Example: Conceptual diagram of PDF content stream
[Position: x=100, y=200, Text="Heading"]
[Position: x=300, y=400, Text="Footnote"]
[Position: x=100, y=300, Text="Body text"]

Problems with Common Extraction Methods

Many PDF processing libraries extract text through the following procedure:

Retrieve text and position information from the content stream
Sort by coordinates (top to bottom, left to right)
Output the sorted result

This “sort by coordinates” process is the main cause of text order disruption.

Specific Problem Examples

Mixed vertical and horizontal text: Commonly seen in Japanese documents
Multi-column layouts: Newspaper or magazine formats
Inserted figures and tables: Elements that interrupt the flow of body text
Headers and footers: Elements that span across pages

Solutions: Language-Specific Approaches

JavaScript (PDF.js) Solution

PDF.js is a JavaScript-based PDF rendering library developed by Mozilla.

Implementation that Preserves Order

// Order-preserving text extraction using PDF.js
async function extractTextWithOrder(page) {
  // getTextContent() maintains the content stream order
  const textContent = await page.getTextContent();

  // items is an array preserving the original order
  const orderedText = textContent.items.map(item => {
    return {
      text: item.str,
      x: item.transform[4],
      y: item.transform[5],
      width: item.width,
      height: item.height
    };
  });

  // Use the array order as-is (no coordinate sorting)
  return orderedText;
}

Key Points

The getTextContent() method returns text in order faithful to the PDF’s internal structure
Array indices represent the original order
No re-sorting by coordinates is performed

Python (PyMuPDF) Solution

PyMuPDF (fitz) is a Python binding for the MuPDF library.

Implementation that Preserves Order

import fitz  # PyMuPDF

def extract_text_with_order(pdf_path):
    doc = fitz.open(pdf_path)

    for page_idx, page in enumerate(doc):
        # Method 1: Raw text extraction (content stream order)
        raw_text = page.get_text("text")

        # Method 2: Extraction preserving detailed structure
        if not raw_text.strip():
            text_dict = page.get_text("dict")
            page_texts = []

            # Process blocks in original order
            for block in text_dict.get("blocks", []):
                if block.get("type") == 0:  # Text block
                    for line in block.get("lines", []):
                        line_text = ""
                        for span in line.get("spans", []):
                            line_text += span.get("text", "")
                        if line_text.strip():
                            page_texts.append(line_text)

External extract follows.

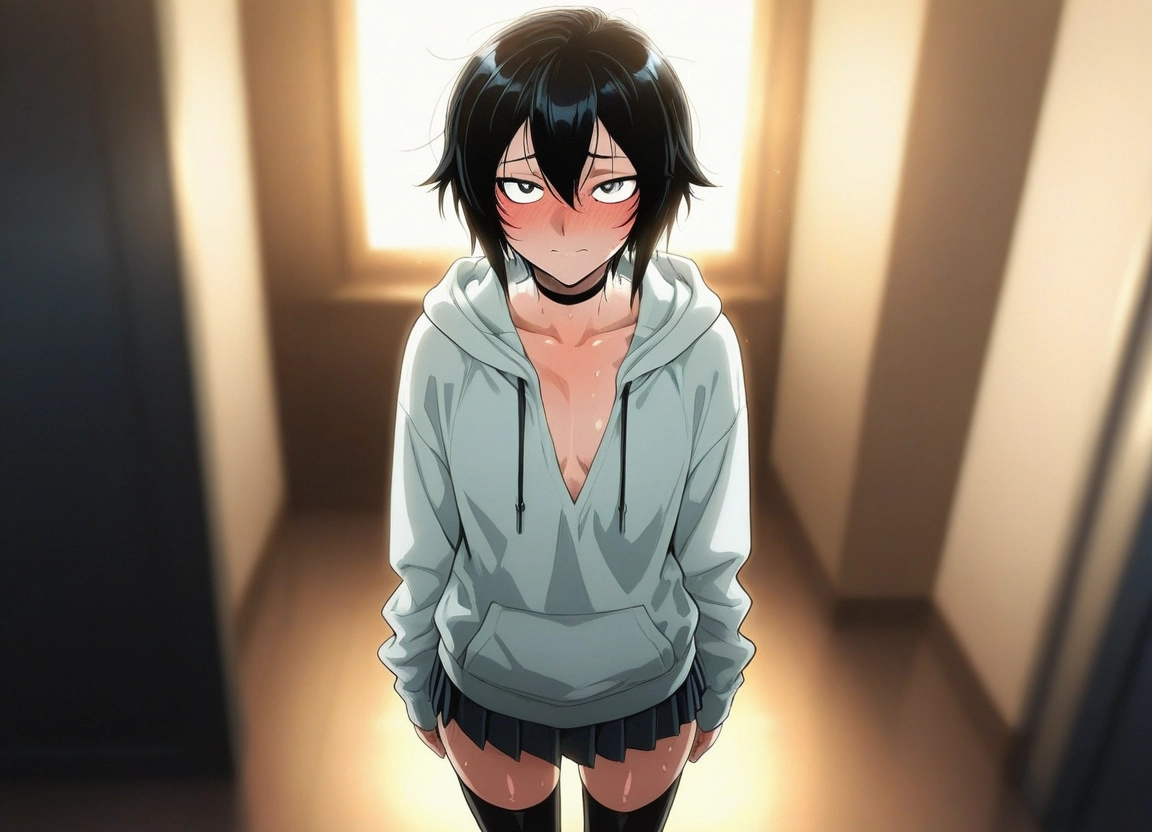 1girl, blush, skirt, solo, black hair, hood · Yamete.gg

            text = '\n'.join(page_texts)
        else:
            text = raw_text

        yield page_idx, text

    doc.close()

Key Points

get_text("text") preserves the PDF content stream order
get_text("dict") retrieves detailed structure information
Avoids coordinate-based sorting

Python (pdfplumber) Issues

pdfplumber is a popular Python library, but it performs coordinate-based processing by default:

# pdfplumber example (problematic approach)
import pdfplumber

with pdfplumber.open(pdf_path) as pdf:
    for page in pdf.pages:
        # extract_text() performs coordinate sorting internally
        text = page.extract_text()  # Order may be disrupted

Implementation Comparison Table

Feature	PDF.js (JavaScript)	PyMuPDF (Python)	pdfplumber (Python)
Content stream order preservation	Yes	Yes	No
Coordinate information retrieval	Yes	Yes	Yes
Processing speed	Medium	High	Low
Memory usage	Medium	Low	High
Japanese support	Yes	Yes	Partial
Browser support	Yes	No	No

Practical Example: Hybrid Approach

An implementation example that leverages both order preservation and coordinate information:

JavaScript Implementation

class PDFTextExtractor {
  constructor() {
    this.textItems = [];
  }

  async extractWithMetadata(page) {
    const textContent = await page.getTextContent();

    // Preserve original order while also recording position information
    this.textItems = textContent.items.map((item, index) => ({
      originalIndex: index,  // Original order
      text: item.str,
      x: item.transform[4],
      y: item.transform[5],
      width: item.width,
      height: item.height
    }));

    return this.textItems;
  }

  // Sort by coordinates when needed
  getTextByPosition() {
    return [...this.textItems].sort((a, b) => {
      if (Math.abs(a.y - b.y)  5) {  // Considered same line
        return a.x - b.x;  // Left to right
      }
      return b.y - a.y;  // Top to bottom
    });
  }

  // Get in original order
  getTextByOriginalOrder() {
    return this.textItems;  // Already in original order
  }
}

Python Implementation

class PDFTextExtractor:
    def __init__(self):
        self.text_items = []

    def extract_with_metadata(self, pdf_path):
        doc = fitz.open(pdf_path)

        for page_num, page in enumerate(doc):
            # Get detailed information in dictionary format
            text_dict = page.get_text("dict")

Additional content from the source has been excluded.